I don't expect we'll ever see such a state – as Bastiat noted, the state, like any living organism, tends naturally to grow – but I thought it might nonetheless be interesting to work out how much it would cost.

Using ukpublicspending.co.uk, I worked out that the annual budget for 'defence' and 'protection', the categories which more or less correspond to those 'core duties' of government mentioned above, is about £70bn. Interestingly, that's about how much VAT set at the minimum rate of 15 percent should raise. Wouldn't it be nice if that was the only tax you paid?

OK, so maybe that's not realistic. But here's a still-radical proposal with a little more relevance to the real world: first, go ahead and restrict the Westminster Parliament to those core functions, and that limited tax base.

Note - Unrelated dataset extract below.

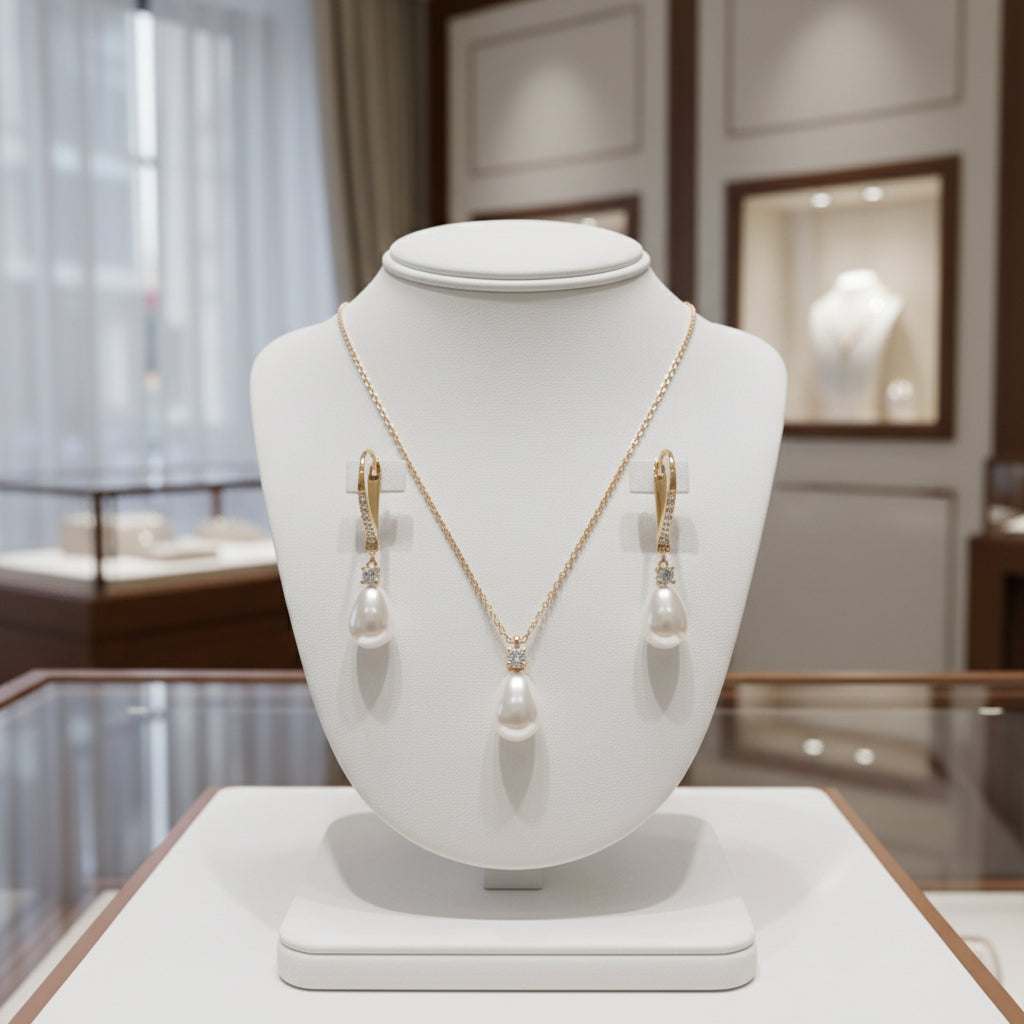 CUBIC ZIRCONIA COLLECTION - EXQUISITE FRESHWATER PEARL SET - CZNK219 GOLD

Then replace the welfare state with the kind of compulsory savings system that they have in Singapore and Chile, and which the ASI advocated in our reports on the 'Fortune Account'. Essentially, national insurance contributions, rather than going to the government, would go into personal, privately-owned accounts, consisting of health savings, health insurance, unemployment insurance, and a retirement fund.

Then leave the provision of any other services to local government, each unit of which would be responsible for raising its own revenue. They would have to compete with one another to attract residents and businesses, so they would have an incentive to provide the best possible services for the lowest possible cost. It would be a bit like having a free market in governments.